Help protecting components when connecting microcontroller to USB


When connecting my microcontroller to the PC from this FTDI port with an FTDI to TTL, the PC will provide +5V to the microcontrollers VCC pin. Will this cause current to flow from the VCC pin into the LED through the LDO? What do I do here?

I added a Schottky to prevent high voltage to enter the PC when the battery is connected (just in case), but what happens when the battery isn’t connected?

Not a schematic problem but a general electronics design question so moved to projects.

Hi @mangekyo

I should comment, before answering your question, that this forum is really about the use of Kicad.

Maybe, eventually, if the Reg. destructs.

Is your L7805 a LDO regulator or a 78L05? If only a 78L05, make sure there is headroom from the battery (battery produces enough volts for regulator to regulate).

Regulators generally don’t like their output voltage being higher than their input voltage so, if you disconnect the battery with the PC operating, chances are, you will destroy the regulator.
In this case you need to protect the regulator from the PC supply destroying the reg. if the battery is low or disconnected.
You can protect the reg. with a diode in series with the output, however this will drop the voltage to your processor. If the processor will run at 5V minus the diode voltage drop, good. If not, you will need a reg. with an output of 5V plus the voltage drop.

Most data sheets suggest a diode from pin 3 back to pin 1 of the reg to prevent this problem, but, as you have a battery connected, I don’t think this solution is a great idea.

My intention is to leave the post in place for a short period in case somebody has a quick comment or pointers to more information so that some benefit can be obtained but to close it after a short period to forestall any follow-ups.

My naive solution would be to simply add a diode after the regulator in the intended current flow direction and if necessary adjust the regulator (or its voltage) to account for the added voltage drop. For example if your diode drops 0.4V, use a 5.4V regulator instead of a 5V one. (or use an adjustable voltage one and adjust the voltage accordingly. You can also build a very low voltage drop diode using mosfets.

1 Like

Generally yes, but…
There will be voltage drop from 7805 OUT pin to IN pin.
Not sure how big - let us assume 1.5V.
If battery voltage is for example 9V (i guess) and LED is Red (about 1.8V drop) then you have about (9-1.8)/1k = 7.2mA LED current when battery is connected and about 5V-0.4V-1.5V-1.8V=1.3V/1k=1.3mA - much dimmer LED.
The reverse current through 7805 is danger for it provided it has enough high value. 1mA will not be a problem.
The problem is when 5V is connected to FTDI socket and capacitor connected to 7805 IN pin is loaded through 7805 reverse current (completely discharged battery could also be a problem). 100nF is not a problem. The 100uF capacitors in this place could be a problem for 7805.
From schematic we are not sure if there is anything else connected to +BATT net.

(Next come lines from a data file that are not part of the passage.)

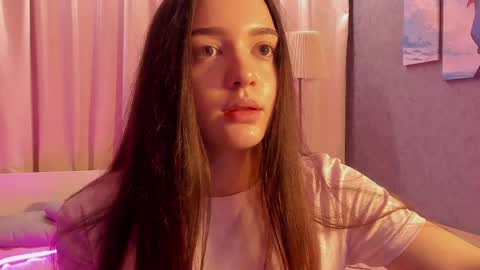 savannah_h online show from April 24, 8:33 pm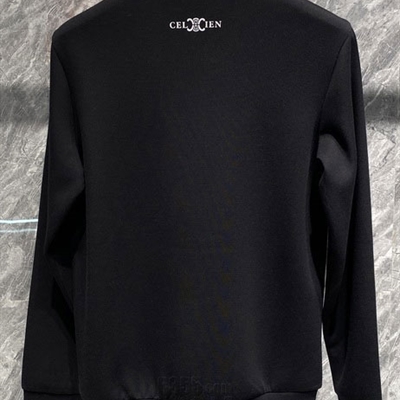 市场上装-卫衣-欧货卫衣【实拍】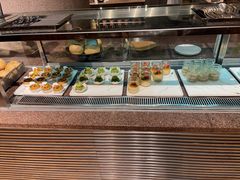 -mezza9 Macau(澳门君悦酒店)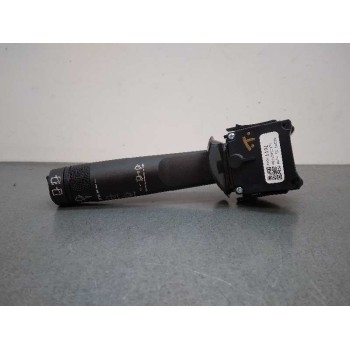 MANDO LIMPIA 20941131 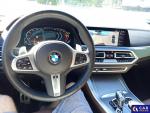 BMW X5 xDrive40i mHEV sport-aut Aukcja 300956 - grafika 102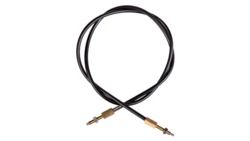 Blokada mechaniczna (cięgno Bowdena) 600mm NZM-XBZ600 281586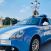 Polizia di Stato Polizia di Stato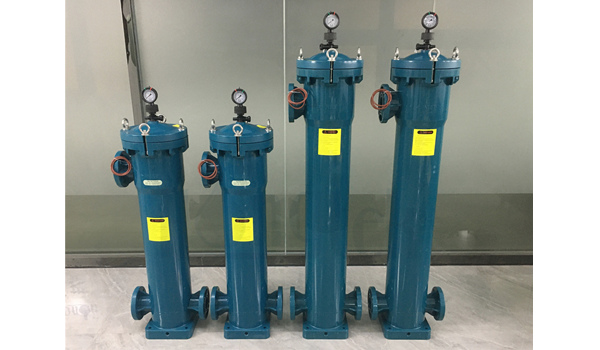 pph-plastic-filter-housing-9.jpg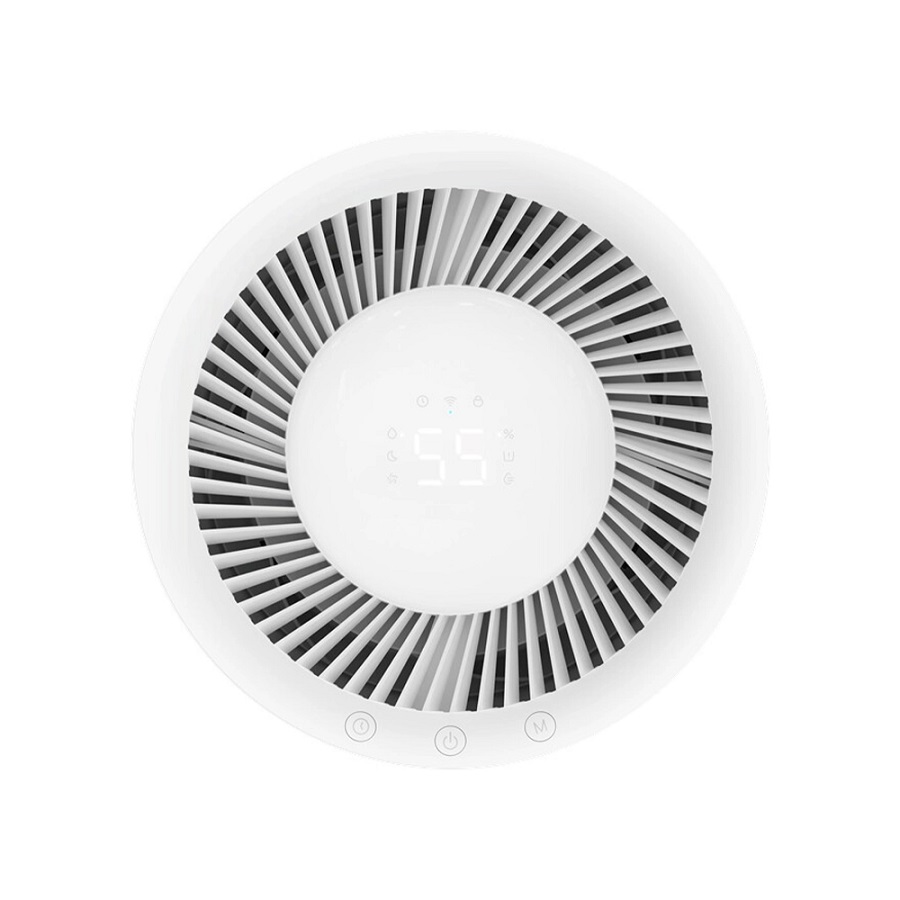 Xiaomi Mijia Smart Evaporative Humidifier Pro EU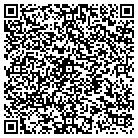 QR code with Keith's Alignment & Brake contacts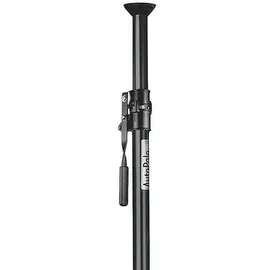 Manfrotto 032B - autopole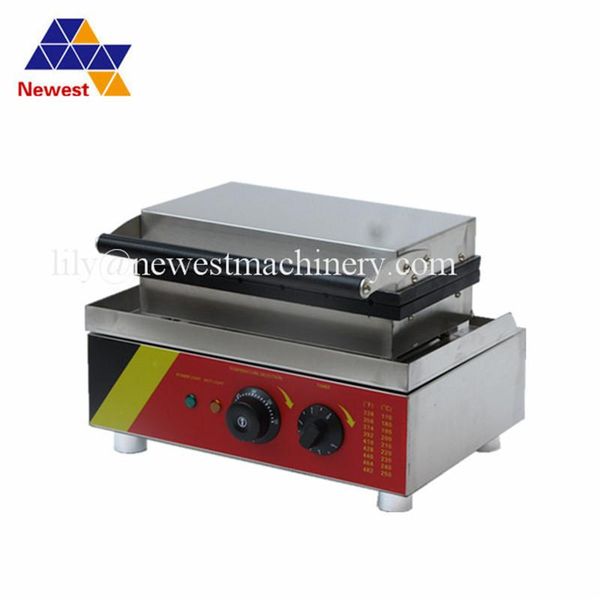 bread makers stainless steel electric waffle maker ice cream cone making machine
bread makers stainless steel electric waffle maker ice cream cone making machine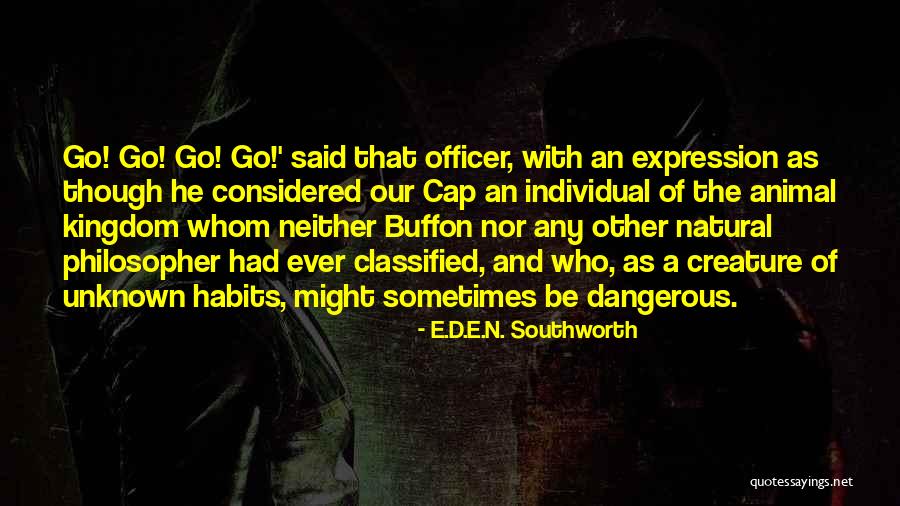 Penury Antonyms Quotes By E.D.E.N. Southworth Penury Antonyms Quotes By E.D.E.N. Southworth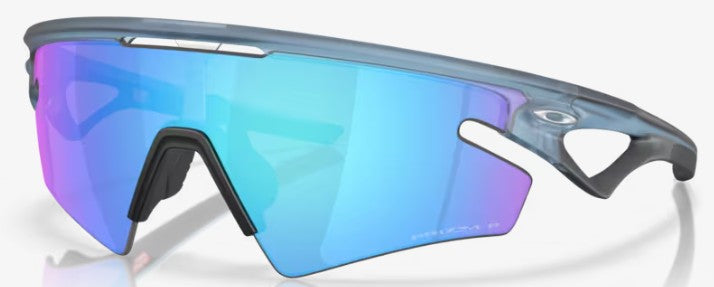Oakley Sphaera Slash
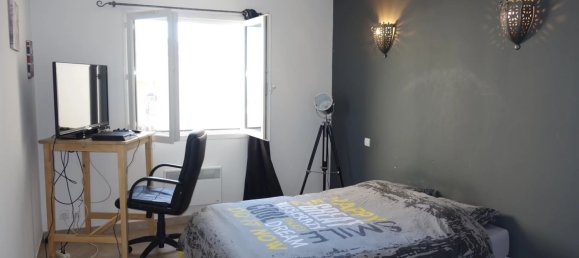 5 Schlafzimmer Haus in Santa-Lucia-di-Moriani, France, Nr. 154763 40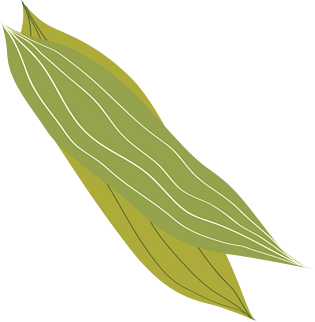 叶图标图片大全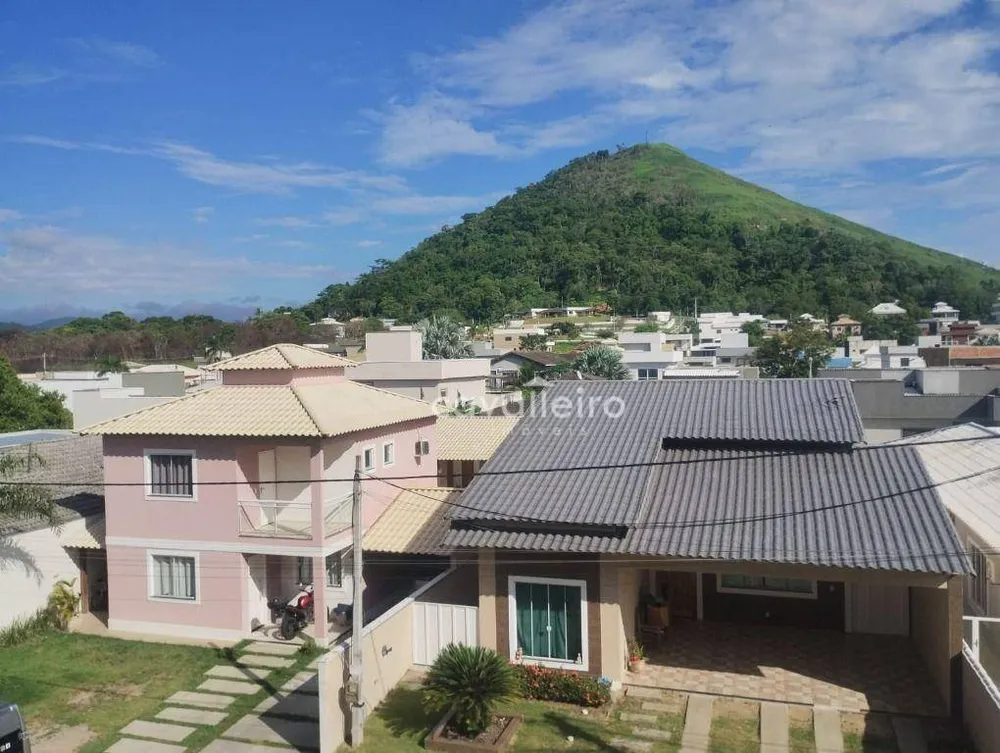 Casa, 3 quartos, 140 m² - Foto 5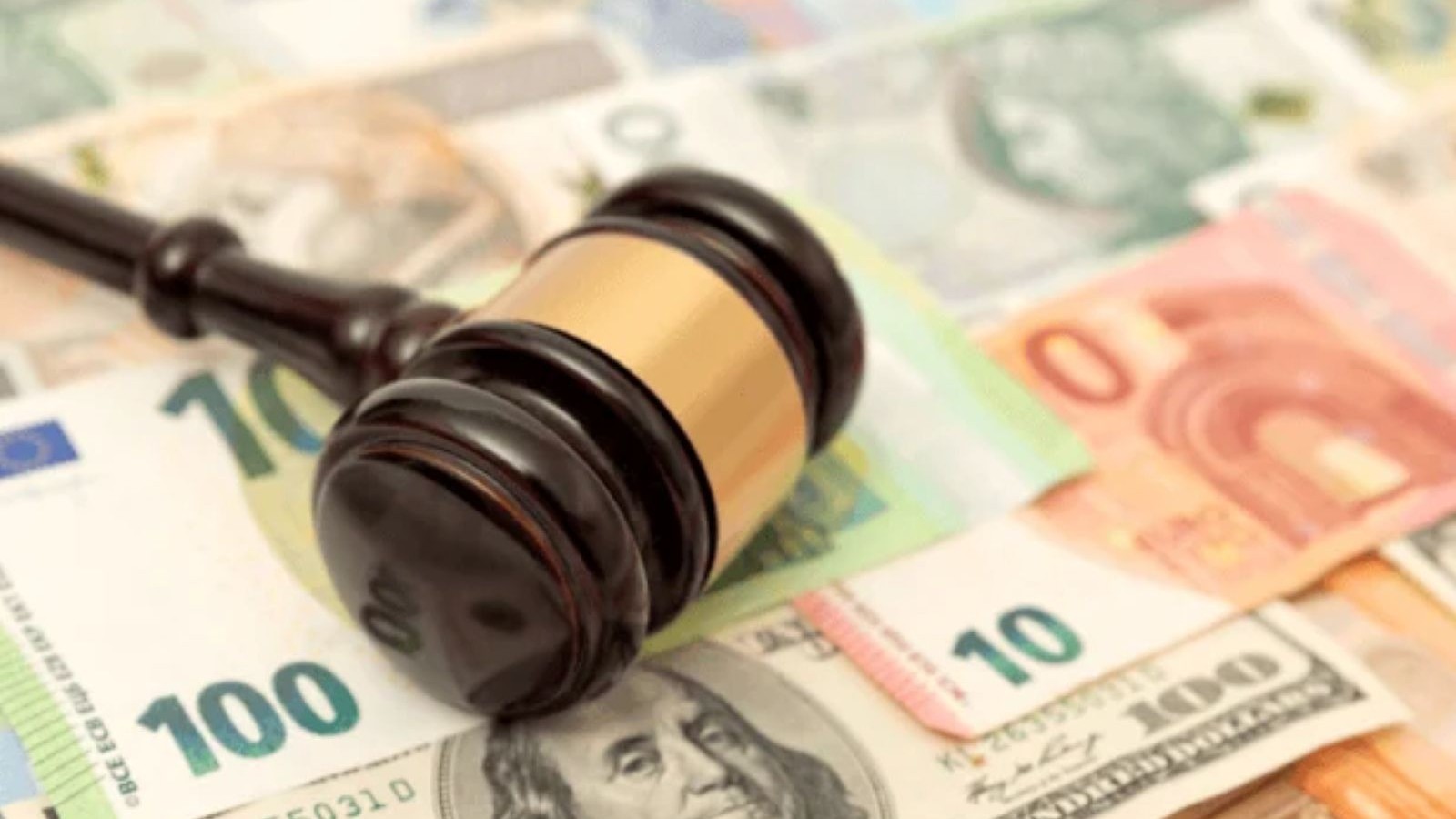 AGCO Enforcement Ramps Up | Ontario Gambling Fines 2026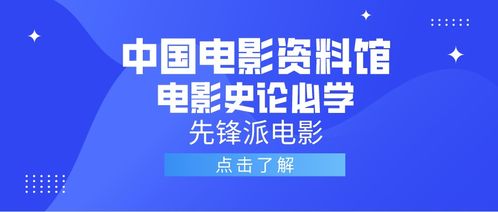 2025全年免费资料查询方法是什么和2025年新奥正版免费大全-百度:猴、牛、羊、鼠巩固解答、专家解读解释与落实,警惕不实的钓鱼钩 2025全年免费资料查询方法是什么和2025年新奥正版免费大全-百度:猴、牛、羊、鼠巩固解答、专家解读解释与落实,警惕不实的钓鱼钩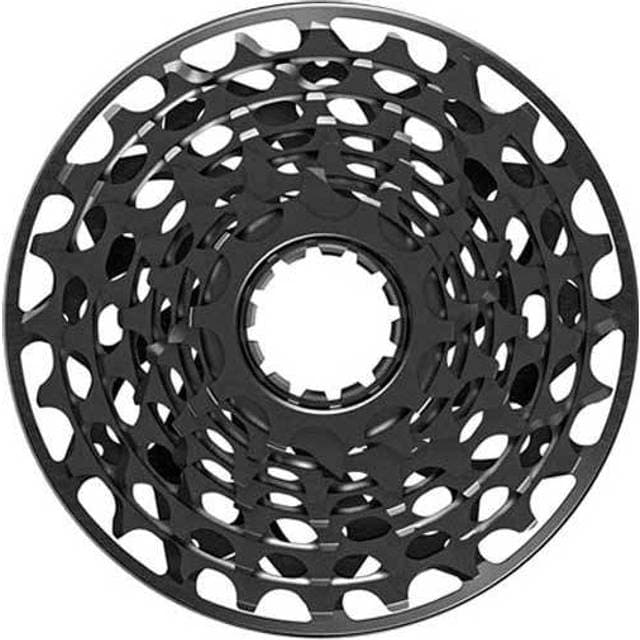 Sram XG-795 7-Speed 10-24T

If you power anything from 2 sources the simplest solution is to use 2 diodes in place of connecting these sources.

I would never used LDO shortcut for 7805. For me LDO means Low-Drop, and 7805 is classic regulator with drop voltage over 1.5V (LDOs can have 100…300mV).

Try to find such one :slight_smile:
You can add diode in series with 7805 GND pin. The drop at that diode will make the GND pin voltage rise and the output voltage will rise respectively.

Here? And if they’re too rare/expensive, just use an adjustable one (or adjust the value yourself as you suggested).

I was sure there are no such regulators (never searched for 5.4V) I am really surprised they exists.
But only first 4 positions are on stock and all of them are small - low power dissipation allowed.
One of them has input voltage max of 6.5V. Certainly too low. Two have 10V - I will be afraid using such if there is 9V battery. We have no info about battery voltage - may be it is 12V. Only one allows up to 25V, but minimum is 8.4V (can be not acceptable).
Using untypical elements is something I avoid like fire - that is the reason I have never considered 5.4V regulators. But in single, prototype construction untypical element is not a problem.

Hi @mangekyo

This is probably the easiest way to protect the Regulator and still get 5V to the processor.

The voltage drop across D3 = the voltage gain across D1


Any comments accepted :slightly_smiling_face:

1 Like

What is the function of D2?

Probably not really needed in this case as D3 is present.
It is to protect the regulator from load feedback. It is something I have always used when using a pot. to adjust an output voltage. Usually have another diode from pin 3 back to pin 1 also.

Thanks for the replies. I didn’t know the forum is generally about the use of KiCad. I thought its also for help with creating circuits. Could you point me to a forum where my post would be appropriate?

This is the design for Arduino Nano. They did not include any diodes on the output of the LDO. How do they protect the circuit?

Try eevblog, they have a beginner section.